* Materials provided:
[Start of section]

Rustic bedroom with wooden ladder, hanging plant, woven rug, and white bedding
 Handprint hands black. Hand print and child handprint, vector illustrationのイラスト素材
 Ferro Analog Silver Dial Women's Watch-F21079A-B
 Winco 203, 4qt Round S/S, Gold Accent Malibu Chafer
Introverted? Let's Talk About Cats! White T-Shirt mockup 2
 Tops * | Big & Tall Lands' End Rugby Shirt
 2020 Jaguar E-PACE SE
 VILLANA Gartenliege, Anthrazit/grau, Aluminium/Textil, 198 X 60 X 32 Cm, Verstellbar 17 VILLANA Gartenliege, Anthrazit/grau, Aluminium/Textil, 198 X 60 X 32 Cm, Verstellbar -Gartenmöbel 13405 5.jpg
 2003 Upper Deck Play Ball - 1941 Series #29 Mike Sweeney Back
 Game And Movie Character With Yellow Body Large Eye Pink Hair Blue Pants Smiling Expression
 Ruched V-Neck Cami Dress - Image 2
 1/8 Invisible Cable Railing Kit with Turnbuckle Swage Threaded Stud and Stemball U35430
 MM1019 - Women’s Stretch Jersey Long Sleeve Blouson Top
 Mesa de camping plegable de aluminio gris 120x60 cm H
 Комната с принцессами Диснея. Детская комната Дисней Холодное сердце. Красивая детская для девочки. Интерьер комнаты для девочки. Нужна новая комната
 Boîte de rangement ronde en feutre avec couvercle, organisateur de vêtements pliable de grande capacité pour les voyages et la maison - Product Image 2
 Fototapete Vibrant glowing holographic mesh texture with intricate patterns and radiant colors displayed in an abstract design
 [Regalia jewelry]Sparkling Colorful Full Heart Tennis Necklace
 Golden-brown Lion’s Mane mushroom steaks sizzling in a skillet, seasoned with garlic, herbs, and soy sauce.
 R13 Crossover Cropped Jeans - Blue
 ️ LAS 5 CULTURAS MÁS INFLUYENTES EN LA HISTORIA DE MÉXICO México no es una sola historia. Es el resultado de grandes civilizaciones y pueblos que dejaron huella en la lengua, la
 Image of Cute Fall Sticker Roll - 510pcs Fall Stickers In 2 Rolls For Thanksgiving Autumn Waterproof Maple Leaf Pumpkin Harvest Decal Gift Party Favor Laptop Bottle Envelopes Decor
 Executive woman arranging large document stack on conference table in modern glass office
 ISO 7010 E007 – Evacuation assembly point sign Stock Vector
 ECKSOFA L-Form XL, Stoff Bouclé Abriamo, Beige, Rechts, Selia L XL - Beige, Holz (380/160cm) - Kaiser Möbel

[End of section]

Retype exactly the span of lines from the one with "Golden-brown Lion’s Mane" through the one with "Image of Cute"; include both ends and omit the rest of the material.

 Golden-brown Lion’s Mane mushroom steaks sizzling in a skillet, seasoned with garlic, herbs, and soy sauce.
 R13 Crossover Cropped Jeans - Blue
 ️ LAS 5 CULTURAS MÁS INFLUYENTES EN LA HISTORIA DE MÉXICO México no es una sola historia. Es el resultado de grandes civilizaciones y pueblos que dejaron huella en la lengua, la
 Image of Cute Fall Sticker Roll - 510pcs Fall Stickers In 2 Rolls For Thanksgiving Autumn Waterproof Maple Leaf Pumpkin Harvest Decal Gift Party Favor Laptop Bottle Envelopes Decor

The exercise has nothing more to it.